Ken and Helen Fosket and their kids, 1957. I’m on the left.

A Lesson Learned

December 3 fell on a Sunday when I was seven. It was Mom’s birthday. “Today is my mom’s 39th birthday,” I excitedly announced at Sunday School. Margie, my teacher, was mom’s friend. “No it isn’t,” she told me. I was stunned. It wasn’t a lie. “Yes, it is! I know it is!”

“You’re right—it is her birthday. But it’s her 29th birthday, not her 39th!”

That’s the day I learned that women are sensitive about their age.

Mom remained 29 for many years.

But when she got into the years that begin with the letter S, my goofy mom found that she could not say her age. She’d stutter out, “S-s-s-s-s-s”, but she couldn’t get the other letters out to form the word for any age between sixty and seventy-nine.

Sometimes You Just Have to Improvise

So she began to calculate her age in Celsius. Suddenly she was no longer 60. She was 15.55556 in Celsius!
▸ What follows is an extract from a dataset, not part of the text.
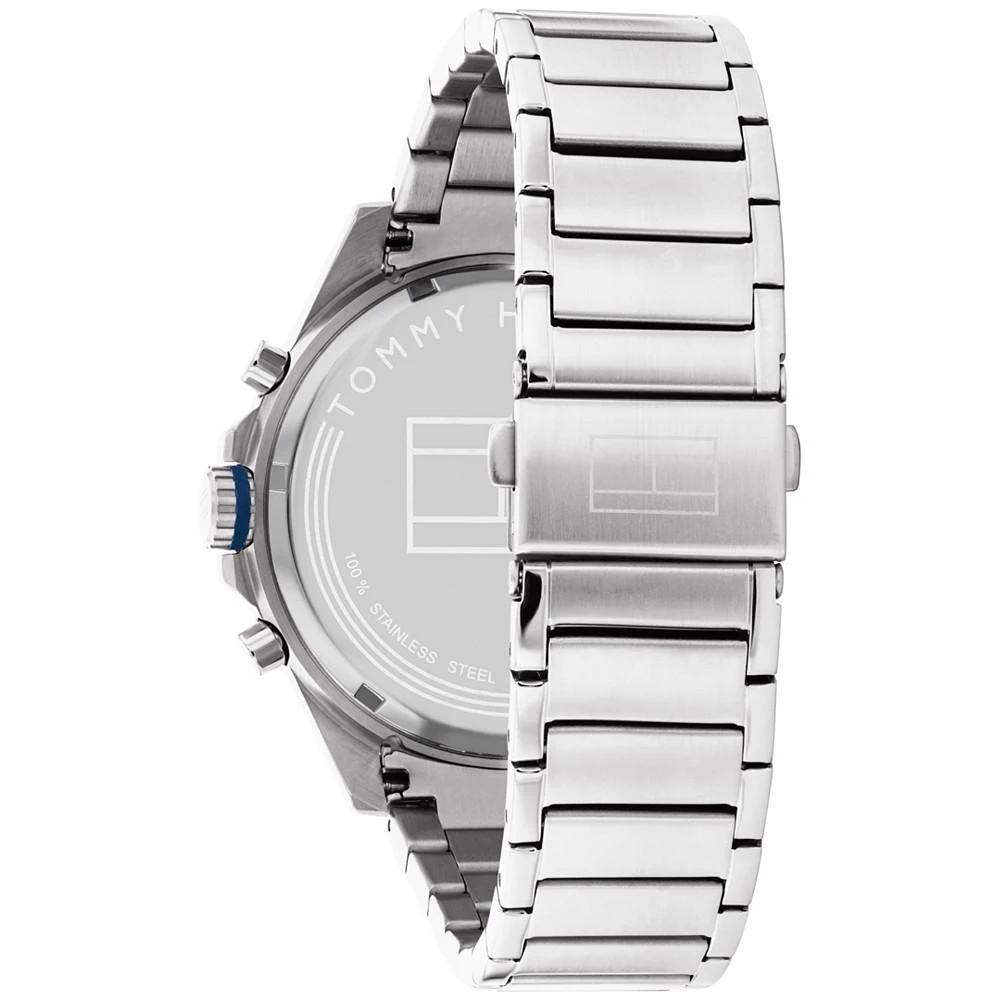 商品Tommy Hilfiger|Men's Stainless Steel Bracelet Watch 44mm,价格¥992,第3张图片详细描述
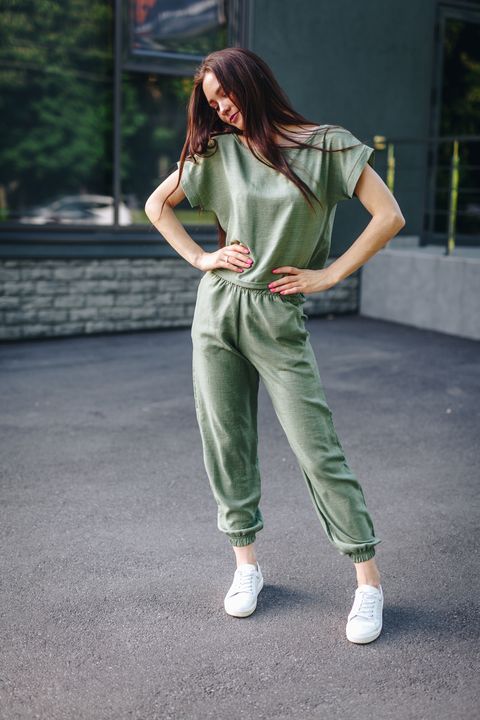 Летнее платье силуэт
She flew through those two decades, never having to reveal her true age. That is, unless someone in the room knew the Fahrenheit-to-Celsius conversion!
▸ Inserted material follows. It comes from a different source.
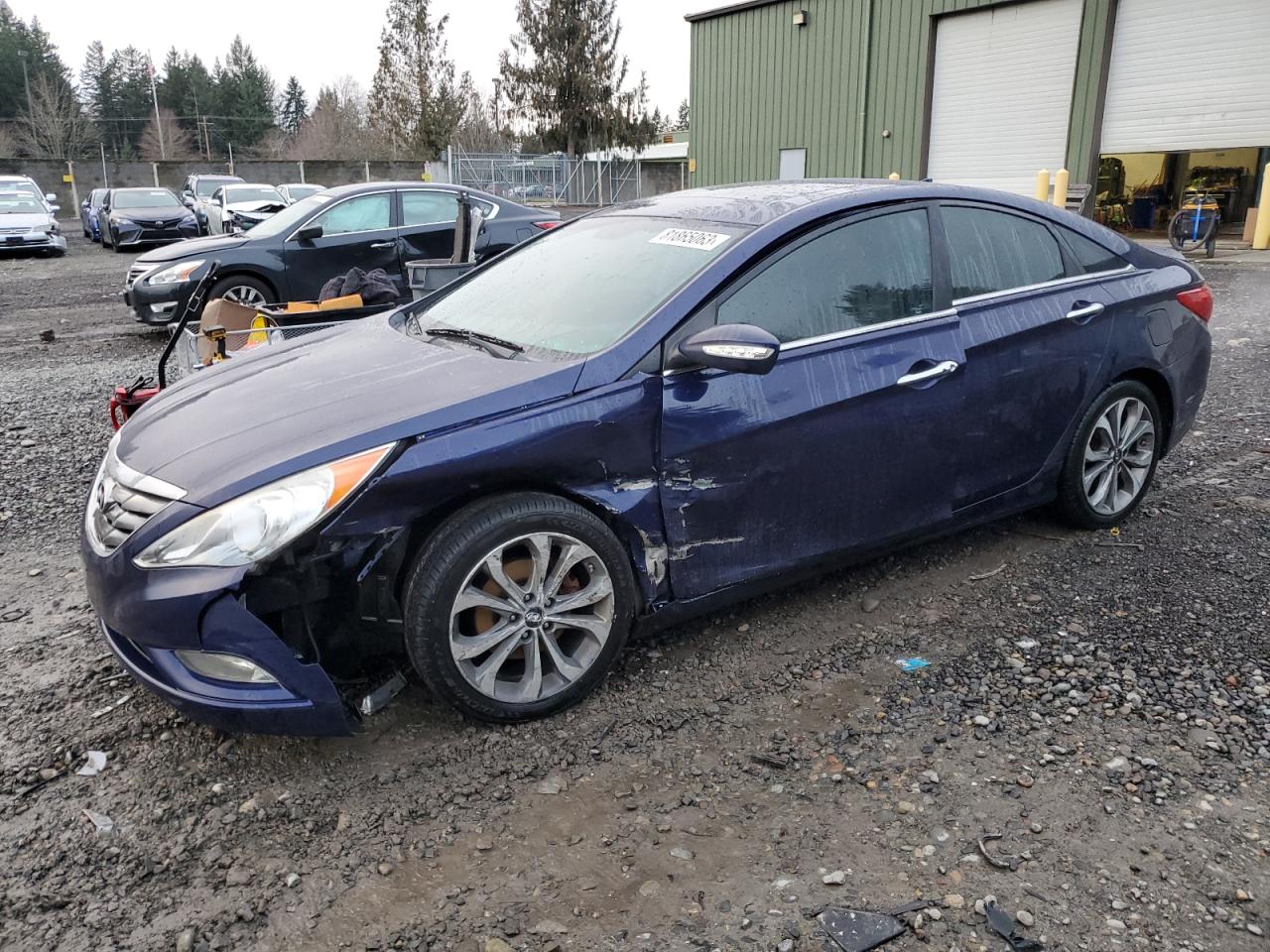 2013 HYUNDAI SONATA SE 2013 image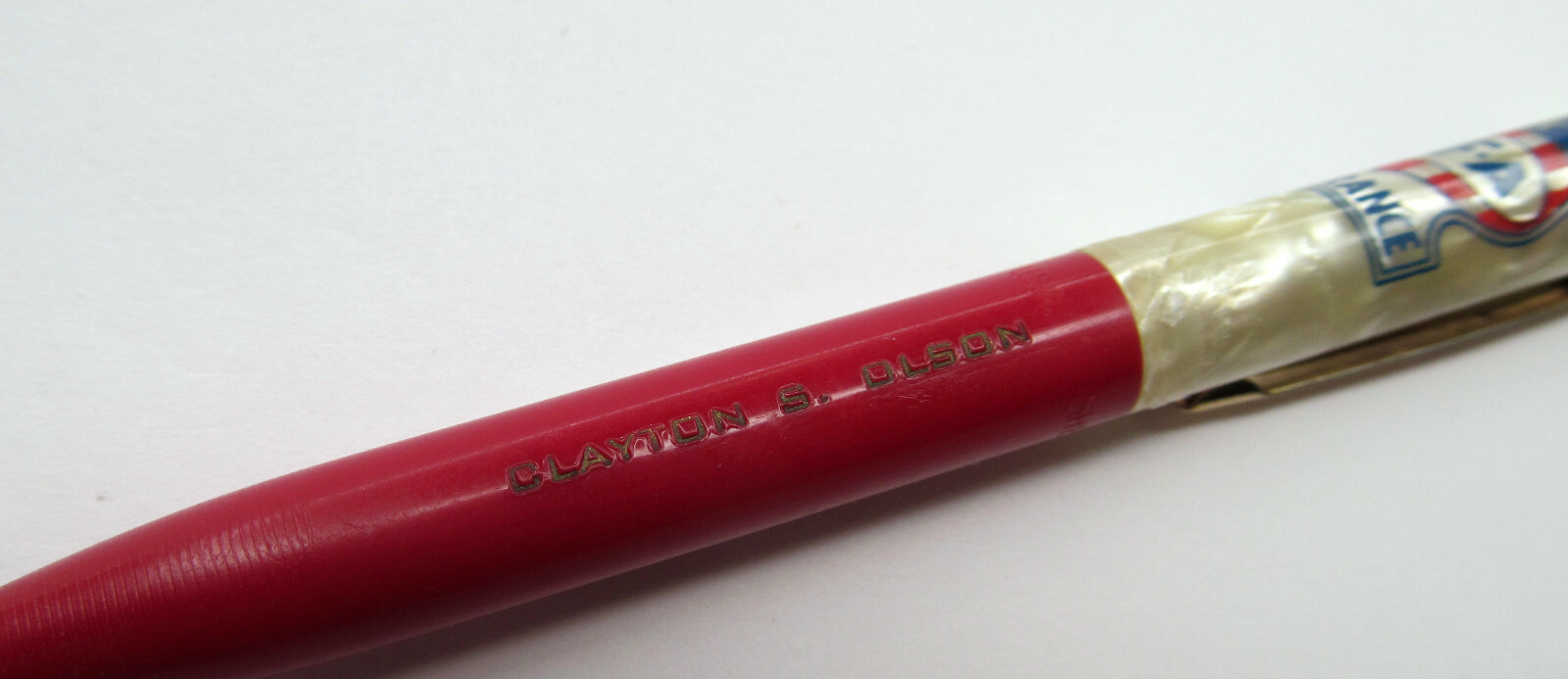 MFA Insurance – Vintage Mechanical Pencil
Since she reached her 80s she’s been able to live at peace with her age.

Mom has introduced her family to certain words or phrases that are peculiar to her. I don’t know where they came from, but they seem to suit her. Here are two examples: She no longer says Good for you but rather Good on you. And I wonder how many times this prayer warrior of a mama has prayed for my concern in that very moment, or has promised her prayer support with the words, I’ll tell God on you.

Mom’s 95th Birthday

This year she turned 95. We talked about a party for her. She planned a menu, a simple Saturday lunch menu that we might have had as kids. She rattled off a list of sandwiches and salads. Then she announced, “And cake at three!”

Ultimately the lunch at home turned into a meal at Anthony’s Homeport in Everett at noon. And then home for “cake at three,” of course!

Surrounded by her family, we partied the day away.

 

Mom and her Kids

Gram and her great-grands (2 missing)

200 photos of Gram with her Peeps

Party Number Two

I thought we were finished celebrating. But I got a phone call later that evening. Mom’s Bible study friends had planned a party for her the following day. Would Tom and I join them?

When the host had contacted Mom to arrange the party she asked Mom if she’d like to have cake at her party. Her reply? ‘No! I want potato chips!'” The snacks they promised turned out to be a wonderful spread of food, with lots of potato chips.

A group of us played Bananagrams. Whatever happened to those amazing spelling skills we had when we were kids?

We chattered, laughed, and ate. Clearly she is very well loved by these friends.

And when it was time for cake, out came a chocolate cake with a plastic tower on the top. It housed the candles. As they were lighted, they pulled away from the tower and became a ring of candles that rotated like a merry-go-round as it played Happy Birthday. Fortunately it only had fifteen candles.

Words of Wisdom

Mom shared a couple of pieces of wisdom with a few women at the party.

“One day I was driving down the road and I heard the Lord say to me,’What you will be, you are becoming.’ ‘What did you just say?’ I asked the Lord. He repeated, ‘What you will be, you are becoming,’ and added, ‘If you want to be a grumpy old woman you are going in the right direction!’

I didn’t want to be a grumpy old woman, so I changed my attitude.”

* * * * * * * *

“I once heard a radio preacher say, ‘Some people die living, and some live dying.’ I want to die living!”

Mom plans to live to at least 100. Good on you, Mama. Good on you!